I didn’t feel well enough to go to knitting tonight, but I had to Get Out Of The House before I went mad. Also the baby wanted frozen yogurt.
So I went to Larchmont, which is not terribly far from where we live and has lots of little shops including a Pinkberry. Now, I don’t really care for Pinkberry. If I want frozen yogurt with toppings, I go to Menchie’s. But I was not about to drive to Studio City for a fucking yogurt, so I went to Pinkberry and it was absolutely fine.
The problem was that once I had the damn yogurt I didn’t know what to do with myself. So I just walked down the other side of the street looking in closed shop windows. And I’ll be honest, it was kind of boring.

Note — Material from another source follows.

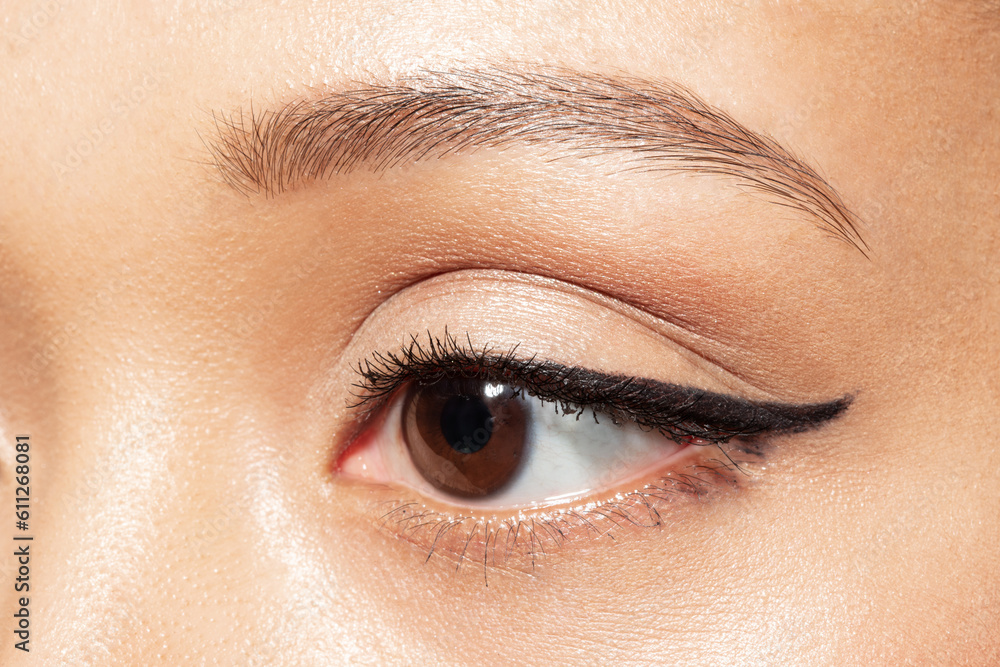 Close up of brown eye of young woman looking aside. Closeup of mixed race ethnicity female eye with eyeliner and healthy smooth under eyes skin. Make-up and antiaging skincare cosmetics advertising. Close up of brown eye of young woman looking aside. Closeup of mixed race ethnicity female eye with eyeliner and healthy smooth under eyes skin. Make-up and antiaging skincare cosmetics advertising.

Then I got to the real estate office. They always have these ridiculous mansions for like $3 million in the window, and I love giggling at them. Today, though, most of the listings in the window were for condos. BORING. Finally I found a house. Not quite a mansion (three bedrooms, 1.75 baths, office, bonus room, etc.) but a decent house. Just under a million. And what’s this? It’s a fixer. “Bring your architect!” it proudly advertised.
Let me recap: A FIXER UPPER FOR JUST UNDER A MILLION DOLLARS.
I swear, the instant we have enough money to pay off our more crippling debts, we are so out of here. Canyon Country, here we come.